• **ASSIGNMENT**:
Leaving out any pictures, transcribe every record exactly.

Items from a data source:
◆ ◆ ◆ ◆ ◆ ◆ ◆

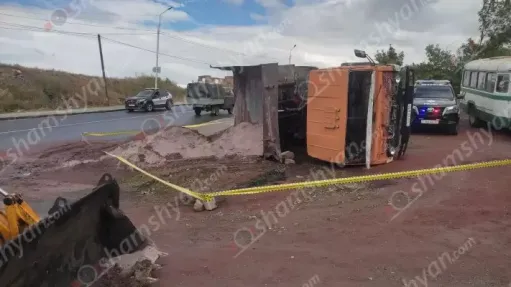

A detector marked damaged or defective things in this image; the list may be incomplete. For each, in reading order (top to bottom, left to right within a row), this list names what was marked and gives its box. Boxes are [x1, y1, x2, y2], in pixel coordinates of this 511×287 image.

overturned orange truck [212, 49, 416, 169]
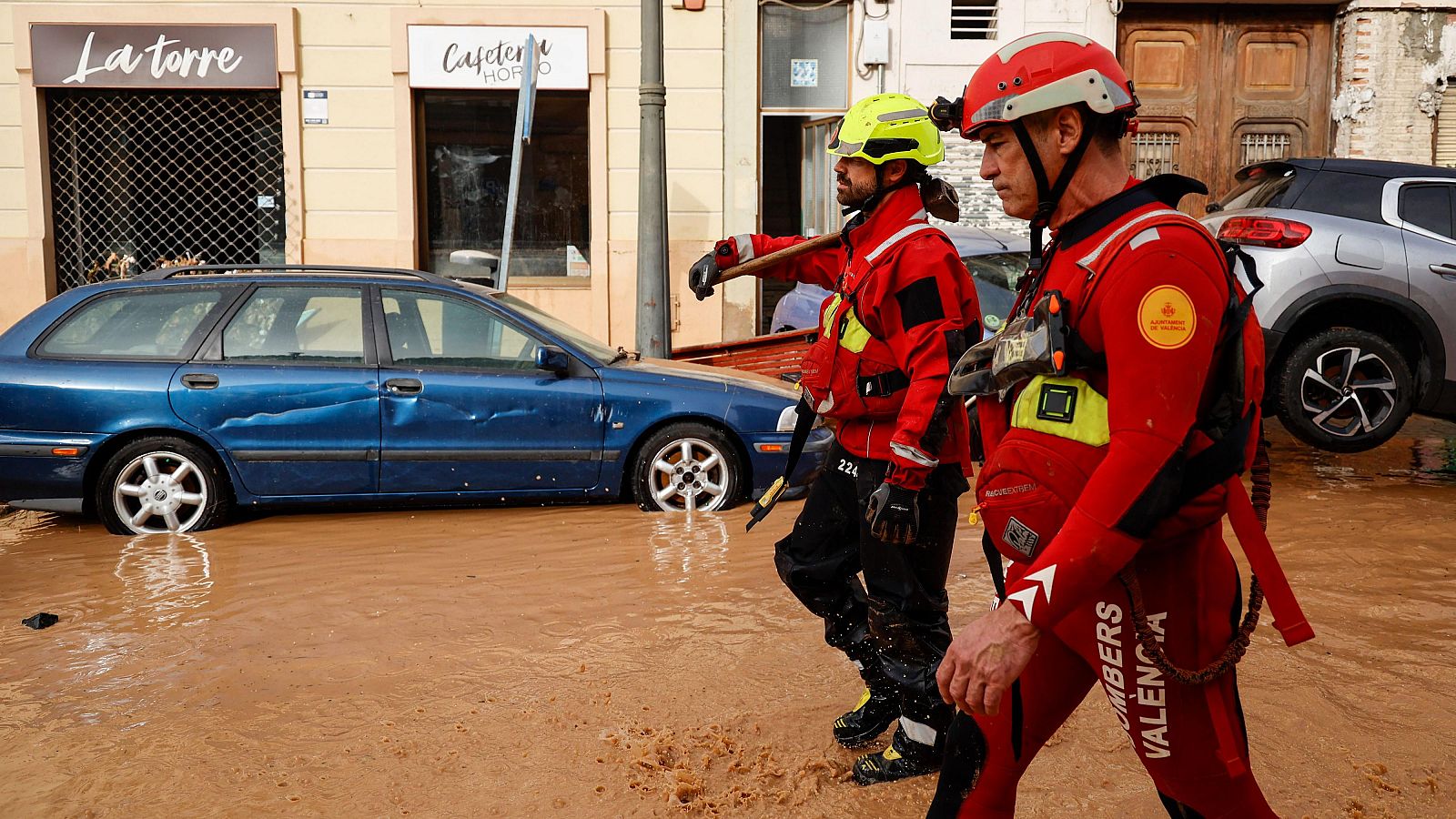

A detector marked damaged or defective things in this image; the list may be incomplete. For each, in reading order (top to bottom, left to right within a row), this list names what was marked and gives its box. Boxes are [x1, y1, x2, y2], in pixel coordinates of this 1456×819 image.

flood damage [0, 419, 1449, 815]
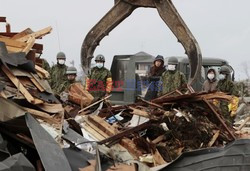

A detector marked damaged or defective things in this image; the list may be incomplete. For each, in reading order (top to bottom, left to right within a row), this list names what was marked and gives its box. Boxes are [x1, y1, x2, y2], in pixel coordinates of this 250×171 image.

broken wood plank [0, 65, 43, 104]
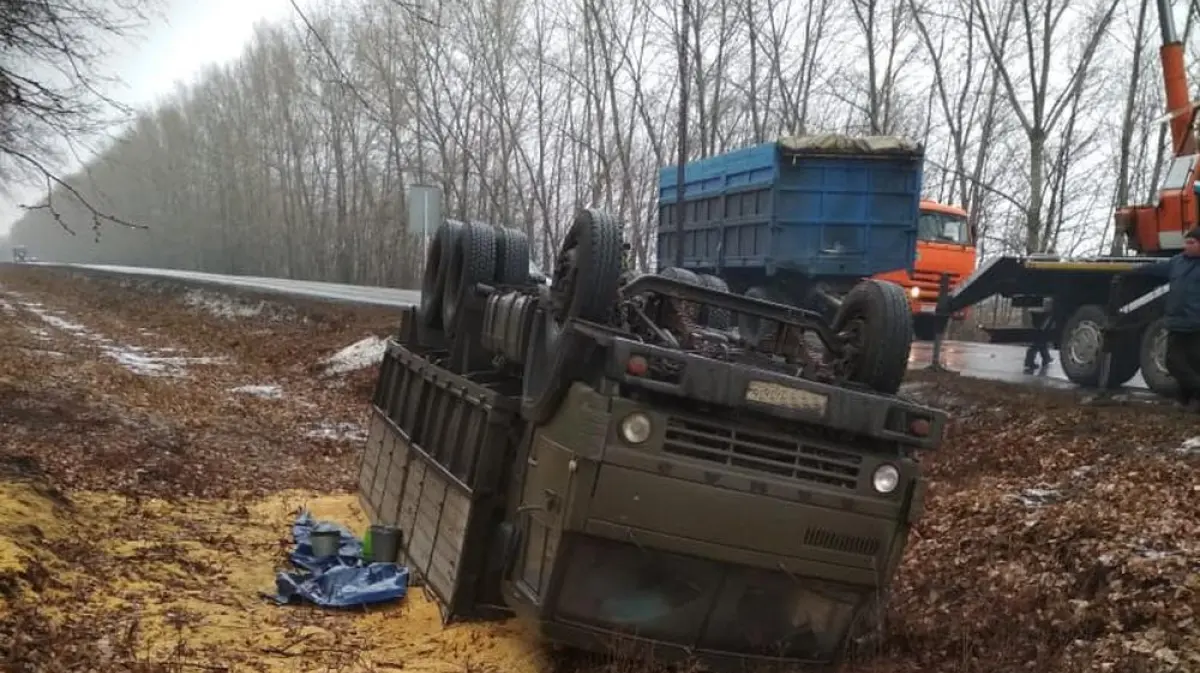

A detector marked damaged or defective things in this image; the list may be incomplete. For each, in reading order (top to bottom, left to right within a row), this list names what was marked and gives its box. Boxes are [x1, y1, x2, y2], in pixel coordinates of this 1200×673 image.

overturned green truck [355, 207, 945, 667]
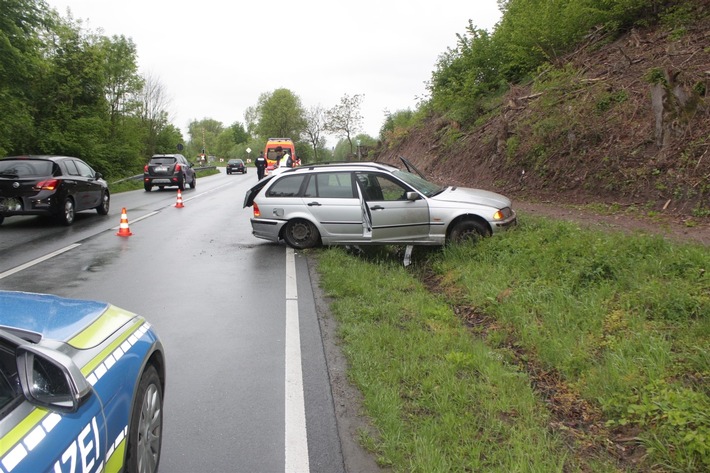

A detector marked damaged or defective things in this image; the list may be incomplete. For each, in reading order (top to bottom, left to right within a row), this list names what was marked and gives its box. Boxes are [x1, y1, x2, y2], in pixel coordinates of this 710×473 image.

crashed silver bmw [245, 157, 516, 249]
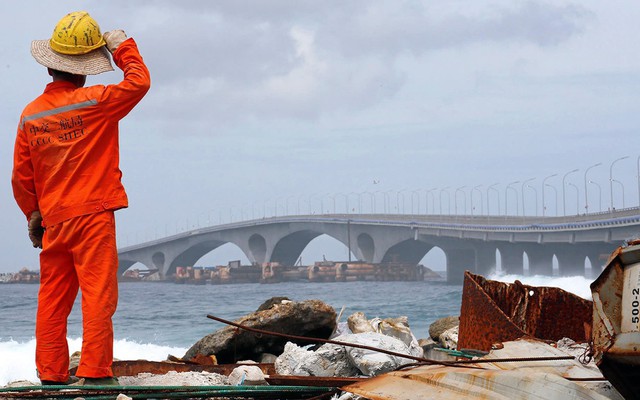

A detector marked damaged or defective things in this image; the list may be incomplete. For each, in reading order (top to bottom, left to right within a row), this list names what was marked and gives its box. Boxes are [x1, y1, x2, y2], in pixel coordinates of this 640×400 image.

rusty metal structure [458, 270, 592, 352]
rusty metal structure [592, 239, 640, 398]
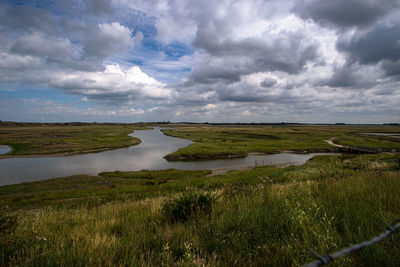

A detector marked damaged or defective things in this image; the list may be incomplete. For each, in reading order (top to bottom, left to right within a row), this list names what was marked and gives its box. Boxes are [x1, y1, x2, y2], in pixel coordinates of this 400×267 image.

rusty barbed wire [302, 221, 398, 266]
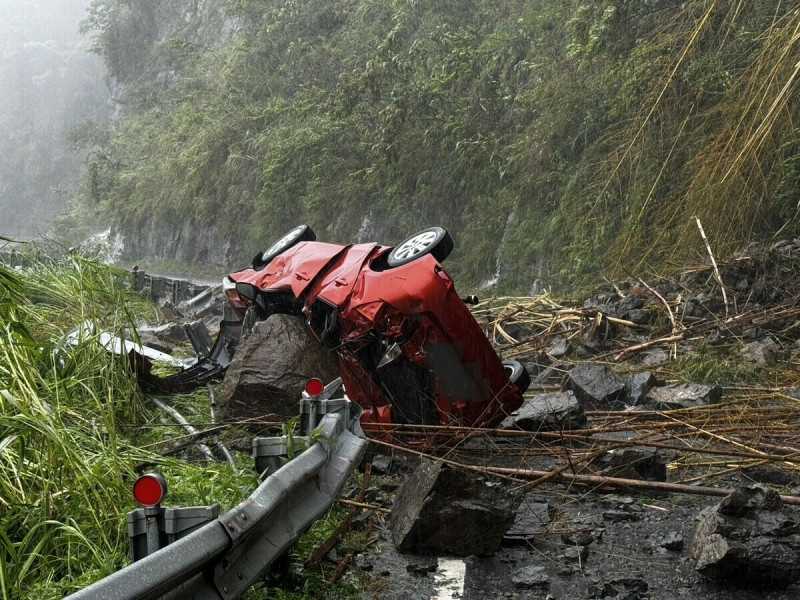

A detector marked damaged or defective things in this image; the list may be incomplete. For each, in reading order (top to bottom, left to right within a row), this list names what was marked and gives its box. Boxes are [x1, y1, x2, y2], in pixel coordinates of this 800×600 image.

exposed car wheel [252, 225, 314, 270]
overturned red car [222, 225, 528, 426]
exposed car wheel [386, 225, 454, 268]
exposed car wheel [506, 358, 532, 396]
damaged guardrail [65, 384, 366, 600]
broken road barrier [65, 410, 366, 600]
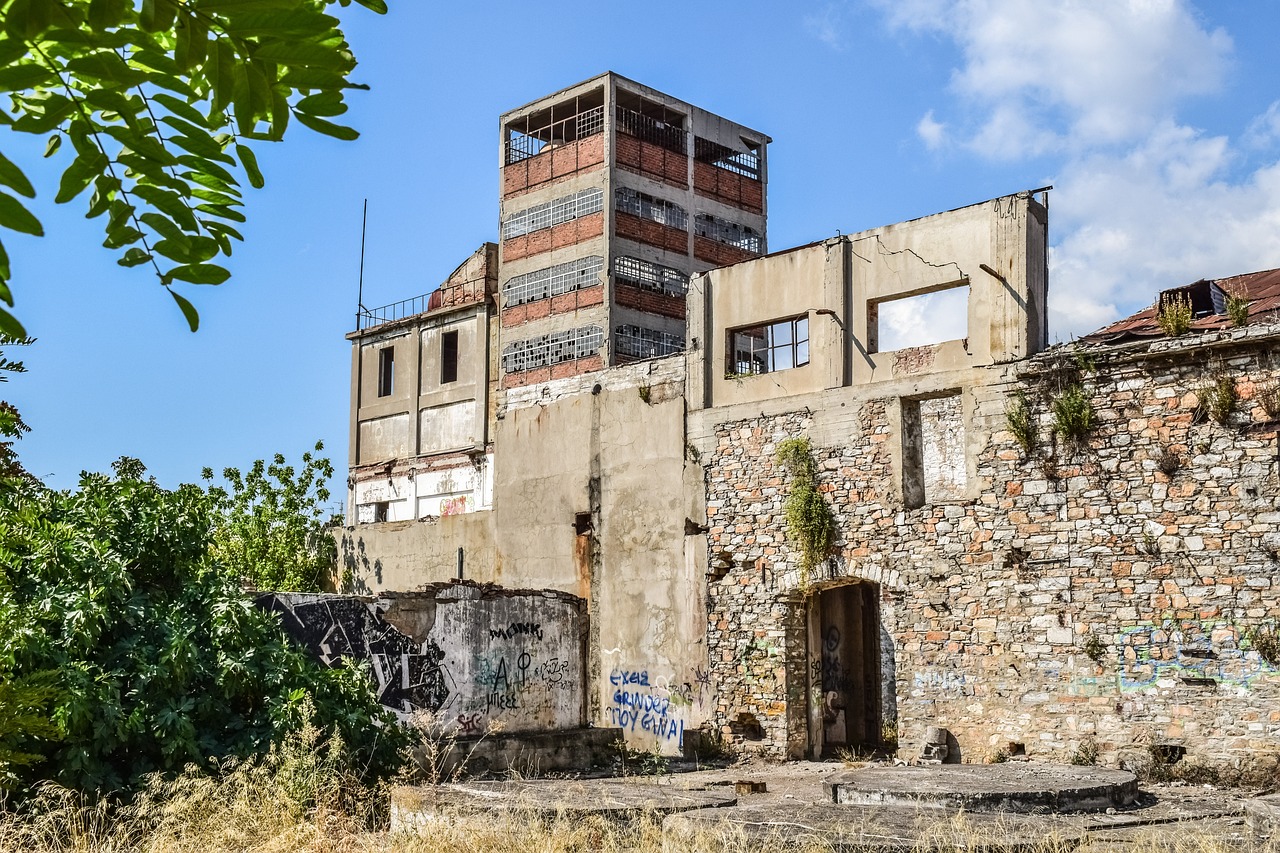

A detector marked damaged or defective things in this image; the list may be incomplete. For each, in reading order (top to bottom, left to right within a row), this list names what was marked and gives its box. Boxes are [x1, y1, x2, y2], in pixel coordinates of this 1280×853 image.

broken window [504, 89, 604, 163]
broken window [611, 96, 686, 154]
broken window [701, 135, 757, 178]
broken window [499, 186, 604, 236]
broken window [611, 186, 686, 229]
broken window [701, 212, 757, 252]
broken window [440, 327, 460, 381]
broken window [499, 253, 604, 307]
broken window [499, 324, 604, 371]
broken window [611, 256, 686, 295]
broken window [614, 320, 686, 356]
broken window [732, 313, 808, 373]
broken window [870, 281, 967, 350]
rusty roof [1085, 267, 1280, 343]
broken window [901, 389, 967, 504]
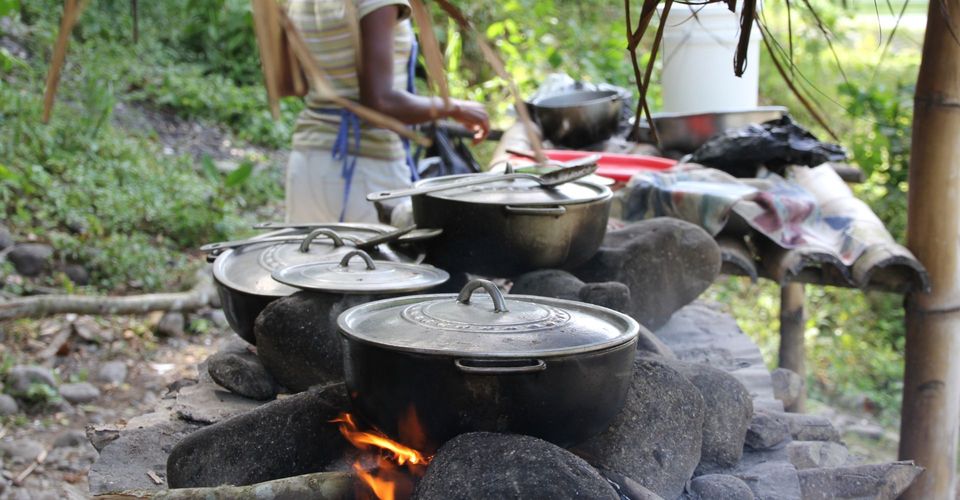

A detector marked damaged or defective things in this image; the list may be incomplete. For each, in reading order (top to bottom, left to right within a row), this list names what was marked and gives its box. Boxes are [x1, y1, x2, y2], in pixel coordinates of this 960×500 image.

◆ ◆ ◆ ◆ ◆ ◆ ◆

• **REPLY**:
A detector marked damaged or defective things in this image; the list may be incomplete. For each, in reading order (top to bottom, left to right within a row), this list names what was marked and gives its box. Boxes are [x1, y1, x2, y2], in pixel coordinates of this 511×287 image.

overturned orange truck [212, 49, 416, 169]

A detector marked damaged or defective things in this image; the list may be incomplete. For each, in reading order (top to bottom, left to right within a row), this list names what was marked and gives its box. Boxes are [x1, y1, x2, y2], in pixel coordinates of this 1456×819 image.

flood damage [0, 419, 1449, 815]

A detector marked damaged or defective things in this image; the list may be incomplete. For each, in reading order (top to bottom, left to right within a row), this list names what was marked and gives its box. Boxes are [x1, y1, x2, y2], in pixel coordinates of this 250×171 image.

broken wood plank [0, 65, 43, 104]

A detector marked damaged or defective things in this image; the list may be incomplete. For each, in reading order (top to bottom, left to right within a row), this list names what was marked and gives its box. Boxes are [x1, y1, x2, y2], in pixel coordinates of this 1200×673 image.

overturned green truck [355, 207, 945, 667]

A detector marked damaged or defective things in this image; the list may be incomplete. For each, in reading order (top to bottom, left to right within a row), this list names what was marked and gives its box. Boxes are [x1, y1, x2, y2], in pixel coordinates of this 710×473 image.

crashed silver bmw [245, 157, 516, 249]

A detector marked damaged or defective things in this image; the list may be incomplete. For each, in reading order (top to bottom, left to right within a row), this list names what was marked and gives its box. Boxes are [x1, y1, x2, y2], in pixel coordinates of this 640×400 image.

rusty metal structure [458, 270, 592, 352]
rusty metal structure [592, 239, 640, 398]

A detector marked damaged or defective things in this image; the list may be incomplete. For each, in reading order (top to bottom, left to right within a row), this list names what was marked and gives its box. Boxes are [x1, y1, x2, y2], in pixel coordinates of this 400×267 image.

rusty barbed wire [302, 221, 398, 266]

A detector marked damaged or defective things in this image; the list may be incomplete. For each, in reading order (top to bottom, left to right within a row), this list names what was marked and gives its box. Boxes are [x1, y1, x2, y2], in pixel coordinates of this 800×600 image.

exposed car wheel [252, 225, 314, 270]
overturned red car [222, 225, 528, 426]
exposed car wheel [386, 225, 454, 268]
exposed car wheel [506, 358, 532, 396]
damaged guardrail [65, 384, 366, 600]
broken road barrier [65, 410, 366, 600]

A detector marked damaged or defective things in this image; the list may be incomplete. For each, in reading order (top to bottom, left to right within a row), this list names what was marked and gives its box. Boxes are [x1, y1, x2, y2], in pixel coordinates of this 1280×853 image.

broken window [504, 89, 604, 163]
broken window [611, 96, 686, 154]
broken window [701, 135, 757, 178]
broken window [499, 186, 604, 236]
broken window [611, 186, 686, 229]
broken window [701, 212, 757, 252]
broken window [440, 327, 460, 381]
broken window [499, 253, 604, 307]
broken window [499, 324, 604, 371]
broken window [611, 256, 686, 295]
broken window [614, 320, 686, 356]
broken window [732, 313, 808, 373]
broken window [870, 281, 967, 350]
rusty roof [1085, 267, 1280, 343]
broken window [901, 389, 967, 504]

A detector marked damaged or defective things in this image; the list may be incomplete. For each, in reading order (top to bottom, left to right within a row), this list names what was marked and gives its box. Boxes are [x1, y1, x2, y2], in pixel coordinates of this 960×500 image.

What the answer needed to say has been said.